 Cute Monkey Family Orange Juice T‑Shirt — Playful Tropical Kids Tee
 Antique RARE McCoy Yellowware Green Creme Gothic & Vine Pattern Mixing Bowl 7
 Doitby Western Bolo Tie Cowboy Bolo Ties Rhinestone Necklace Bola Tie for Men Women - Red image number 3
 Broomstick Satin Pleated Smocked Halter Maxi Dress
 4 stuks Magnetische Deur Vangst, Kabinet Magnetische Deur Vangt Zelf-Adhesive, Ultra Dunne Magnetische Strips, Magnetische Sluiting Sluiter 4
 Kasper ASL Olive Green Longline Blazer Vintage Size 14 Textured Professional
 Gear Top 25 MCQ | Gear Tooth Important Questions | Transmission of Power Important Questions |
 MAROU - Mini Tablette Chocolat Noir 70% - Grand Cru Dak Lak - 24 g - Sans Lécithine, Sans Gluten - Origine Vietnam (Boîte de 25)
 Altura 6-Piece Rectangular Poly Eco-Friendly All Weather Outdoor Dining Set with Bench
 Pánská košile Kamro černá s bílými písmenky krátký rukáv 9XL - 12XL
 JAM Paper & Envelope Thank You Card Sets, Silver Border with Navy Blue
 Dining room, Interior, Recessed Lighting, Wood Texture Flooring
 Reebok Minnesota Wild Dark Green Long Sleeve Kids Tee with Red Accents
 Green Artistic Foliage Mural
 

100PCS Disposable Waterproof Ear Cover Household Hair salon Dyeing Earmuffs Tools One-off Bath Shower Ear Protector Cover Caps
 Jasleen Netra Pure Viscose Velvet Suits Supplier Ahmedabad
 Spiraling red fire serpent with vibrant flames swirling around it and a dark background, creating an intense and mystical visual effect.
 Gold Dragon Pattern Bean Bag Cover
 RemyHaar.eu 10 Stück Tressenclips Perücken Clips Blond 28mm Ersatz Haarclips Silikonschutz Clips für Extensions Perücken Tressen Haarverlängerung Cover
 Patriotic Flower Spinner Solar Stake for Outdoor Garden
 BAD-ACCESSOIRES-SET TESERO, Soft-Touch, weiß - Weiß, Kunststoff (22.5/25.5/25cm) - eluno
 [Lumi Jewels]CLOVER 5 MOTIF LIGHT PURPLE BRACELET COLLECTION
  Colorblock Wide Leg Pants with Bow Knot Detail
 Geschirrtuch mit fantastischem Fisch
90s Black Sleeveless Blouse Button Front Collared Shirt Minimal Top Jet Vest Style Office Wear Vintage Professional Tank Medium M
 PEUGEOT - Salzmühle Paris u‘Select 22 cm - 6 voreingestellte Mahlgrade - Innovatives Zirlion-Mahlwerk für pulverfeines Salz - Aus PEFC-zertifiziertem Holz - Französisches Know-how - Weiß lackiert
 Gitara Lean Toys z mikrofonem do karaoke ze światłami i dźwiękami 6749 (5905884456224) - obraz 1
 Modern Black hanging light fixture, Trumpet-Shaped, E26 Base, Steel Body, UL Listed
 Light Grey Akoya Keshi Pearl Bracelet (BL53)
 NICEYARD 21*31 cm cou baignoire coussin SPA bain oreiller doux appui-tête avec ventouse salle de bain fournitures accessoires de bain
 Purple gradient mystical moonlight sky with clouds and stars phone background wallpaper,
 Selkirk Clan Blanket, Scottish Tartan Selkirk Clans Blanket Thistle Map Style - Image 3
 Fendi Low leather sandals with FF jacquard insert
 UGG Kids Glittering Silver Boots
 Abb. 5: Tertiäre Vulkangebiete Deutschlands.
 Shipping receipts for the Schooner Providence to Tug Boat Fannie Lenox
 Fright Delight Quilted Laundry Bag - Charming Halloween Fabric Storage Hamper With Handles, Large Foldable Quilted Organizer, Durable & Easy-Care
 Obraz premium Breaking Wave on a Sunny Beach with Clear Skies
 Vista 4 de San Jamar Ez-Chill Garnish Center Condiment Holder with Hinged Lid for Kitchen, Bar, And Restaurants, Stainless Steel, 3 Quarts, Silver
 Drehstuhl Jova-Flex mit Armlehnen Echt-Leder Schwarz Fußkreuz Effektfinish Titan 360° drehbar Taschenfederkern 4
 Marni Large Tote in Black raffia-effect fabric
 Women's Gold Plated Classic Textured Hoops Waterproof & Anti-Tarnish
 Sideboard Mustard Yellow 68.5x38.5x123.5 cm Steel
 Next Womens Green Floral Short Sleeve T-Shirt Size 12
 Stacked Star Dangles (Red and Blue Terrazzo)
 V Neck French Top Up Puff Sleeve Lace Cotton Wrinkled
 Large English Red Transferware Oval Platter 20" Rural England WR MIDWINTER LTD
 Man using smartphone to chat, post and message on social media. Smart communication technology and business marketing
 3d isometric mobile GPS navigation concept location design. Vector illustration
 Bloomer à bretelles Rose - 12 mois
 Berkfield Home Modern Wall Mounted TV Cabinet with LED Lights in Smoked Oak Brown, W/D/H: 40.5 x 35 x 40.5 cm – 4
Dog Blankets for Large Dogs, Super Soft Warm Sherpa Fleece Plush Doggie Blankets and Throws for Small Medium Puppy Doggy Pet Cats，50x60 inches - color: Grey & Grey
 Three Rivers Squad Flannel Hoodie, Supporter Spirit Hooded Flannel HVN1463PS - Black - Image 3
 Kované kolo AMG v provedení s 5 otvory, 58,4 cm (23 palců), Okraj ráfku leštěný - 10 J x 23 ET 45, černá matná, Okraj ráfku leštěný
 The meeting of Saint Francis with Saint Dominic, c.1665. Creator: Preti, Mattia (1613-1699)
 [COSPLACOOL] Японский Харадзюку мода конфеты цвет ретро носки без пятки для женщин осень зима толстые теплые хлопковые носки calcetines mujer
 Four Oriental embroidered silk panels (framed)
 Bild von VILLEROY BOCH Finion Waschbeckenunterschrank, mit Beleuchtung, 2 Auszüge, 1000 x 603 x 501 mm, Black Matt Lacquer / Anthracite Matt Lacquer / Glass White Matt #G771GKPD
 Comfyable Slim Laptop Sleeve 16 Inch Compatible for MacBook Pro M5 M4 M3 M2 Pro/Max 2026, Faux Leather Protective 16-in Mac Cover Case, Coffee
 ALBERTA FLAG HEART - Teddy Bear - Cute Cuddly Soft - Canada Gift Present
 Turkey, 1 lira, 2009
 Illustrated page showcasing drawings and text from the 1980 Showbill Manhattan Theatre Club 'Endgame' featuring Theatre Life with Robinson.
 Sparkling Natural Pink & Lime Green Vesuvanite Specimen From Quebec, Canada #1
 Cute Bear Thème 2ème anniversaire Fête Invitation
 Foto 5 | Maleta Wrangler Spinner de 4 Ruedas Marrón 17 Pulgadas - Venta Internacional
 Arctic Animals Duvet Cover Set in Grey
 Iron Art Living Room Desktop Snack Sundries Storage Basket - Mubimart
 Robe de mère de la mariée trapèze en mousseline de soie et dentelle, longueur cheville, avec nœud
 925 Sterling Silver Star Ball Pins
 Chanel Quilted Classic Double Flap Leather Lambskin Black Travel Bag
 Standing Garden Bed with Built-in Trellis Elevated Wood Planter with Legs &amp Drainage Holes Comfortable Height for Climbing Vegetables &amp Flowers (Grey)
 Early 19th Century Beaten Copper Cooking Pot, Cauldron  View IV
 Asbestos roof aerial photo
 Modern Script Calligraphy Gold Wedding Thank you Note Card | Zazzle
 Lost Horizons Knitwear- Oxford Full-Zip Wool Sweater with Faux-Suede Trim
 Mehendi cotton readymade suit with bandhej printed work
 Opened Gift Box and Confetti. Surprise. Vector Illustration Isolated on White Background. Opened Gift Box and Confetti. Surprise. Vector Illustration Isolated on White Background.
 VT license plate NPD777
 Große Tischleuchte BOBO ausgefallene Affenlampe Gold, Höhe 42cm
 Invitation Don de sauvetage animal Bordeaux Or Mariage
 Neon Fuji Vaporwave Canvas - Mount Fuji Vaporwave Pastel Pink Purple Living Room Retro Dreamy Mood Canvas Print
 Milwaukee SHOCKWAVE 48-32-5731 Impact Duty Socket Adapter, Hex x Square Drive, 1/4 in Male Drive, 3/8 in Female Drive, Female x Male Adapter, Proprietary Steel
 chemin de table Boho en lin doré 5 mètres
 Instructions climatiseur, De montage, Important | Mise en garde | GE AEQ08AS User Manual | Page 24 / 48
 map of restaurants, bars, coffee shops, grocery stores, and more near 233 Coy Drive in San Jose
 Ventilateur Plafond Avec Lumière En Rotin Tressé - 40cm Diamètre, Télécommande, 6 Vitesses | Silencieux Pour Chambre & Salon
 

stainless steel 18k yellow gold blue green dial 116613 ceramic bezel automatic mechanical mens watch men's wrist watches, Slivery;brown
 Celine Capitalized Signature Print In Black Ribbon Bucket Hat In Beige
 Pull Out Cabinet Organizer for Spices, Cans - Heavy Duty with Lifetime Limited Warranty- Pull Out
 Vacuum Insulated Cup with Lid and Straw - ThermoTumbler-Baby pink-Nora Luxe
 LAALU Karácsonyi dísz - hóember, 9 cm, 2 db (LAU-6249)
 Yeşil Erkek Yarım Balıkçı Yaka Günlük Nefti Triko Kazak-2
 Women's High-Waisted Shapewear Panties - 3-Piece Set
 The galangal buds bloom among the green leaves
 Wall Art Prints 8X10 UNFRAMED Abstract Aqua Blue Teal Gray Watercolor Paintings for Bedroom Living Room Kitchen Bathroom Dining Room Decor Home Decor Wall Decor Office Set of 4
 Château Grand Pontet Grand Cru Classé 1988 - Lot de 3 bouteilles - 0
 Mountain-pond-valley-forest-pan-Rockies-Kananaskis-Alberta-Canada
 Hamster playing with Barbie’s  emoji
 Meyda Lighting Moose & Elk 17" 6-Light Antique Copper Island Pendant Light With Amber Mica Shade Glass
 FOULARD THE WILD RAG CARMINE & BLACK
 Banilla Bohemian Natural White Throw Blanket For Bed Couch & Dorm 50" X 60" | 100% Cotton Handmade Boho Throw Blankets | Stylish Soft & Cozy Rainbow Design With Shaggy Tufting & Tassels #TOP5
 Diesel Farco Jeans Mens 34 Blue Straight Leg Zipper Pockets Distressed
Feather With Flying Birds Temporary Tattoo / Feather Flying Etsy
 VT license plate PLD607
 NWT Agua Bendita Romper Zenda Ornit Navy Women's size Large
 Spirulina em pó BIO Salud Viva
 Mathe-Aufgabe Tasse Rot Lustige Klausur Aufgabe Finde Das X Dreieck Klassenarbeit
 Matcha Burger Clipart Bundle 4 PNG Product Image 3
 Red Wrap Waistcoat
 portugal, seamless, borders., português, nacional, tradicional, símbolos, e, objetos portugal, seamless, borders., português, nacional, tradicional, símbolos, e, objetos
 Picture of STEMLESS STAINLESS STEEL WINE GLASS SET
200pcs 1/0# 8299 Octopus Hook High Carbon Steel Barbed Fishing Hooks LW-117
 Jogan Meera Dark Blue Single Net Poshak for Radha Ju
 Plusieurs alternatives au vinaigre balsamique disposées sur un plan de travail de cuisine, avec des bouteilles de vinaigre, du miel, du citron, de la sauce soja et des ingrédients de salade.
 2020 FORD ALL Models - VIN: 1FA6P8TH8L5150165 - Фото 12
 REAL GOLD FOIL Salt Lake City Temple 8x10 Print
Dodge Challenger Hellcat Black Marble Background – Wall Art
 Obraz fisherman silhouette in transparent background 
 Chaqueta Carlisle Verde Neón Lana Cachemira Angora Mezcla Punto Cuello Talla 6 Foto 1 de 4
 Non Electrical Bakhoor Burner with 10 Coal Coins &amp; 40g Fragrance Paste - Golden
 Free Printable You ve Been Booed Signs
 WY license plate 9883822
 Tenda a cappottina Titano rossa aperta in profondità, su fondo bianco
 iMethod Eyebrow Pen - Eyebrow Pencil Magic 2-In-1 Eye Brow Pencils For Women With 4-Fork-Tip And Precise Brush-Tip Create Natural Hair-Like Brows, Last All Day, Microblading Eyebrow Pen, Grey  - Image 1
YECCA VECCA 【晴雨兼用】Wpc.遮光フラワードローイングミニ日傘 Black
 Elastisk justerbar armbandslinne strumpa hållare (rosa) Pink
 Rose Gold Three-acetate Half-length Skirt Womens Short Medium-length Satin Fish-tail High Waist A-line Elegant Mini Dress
──────────
» Your task
Look through the listing and extract every line with "Foto" in it.

» Output below
 Foto 5 | Maleta Wrangler Spinner de 4 Ruedas Marrón 17 Pulgadas - Venta Internacional
 Chaqueta Carlisle Verde Neón Lana Cachemira Angora Mezcla Punto Cuello Talla 6 Foto 1 de 4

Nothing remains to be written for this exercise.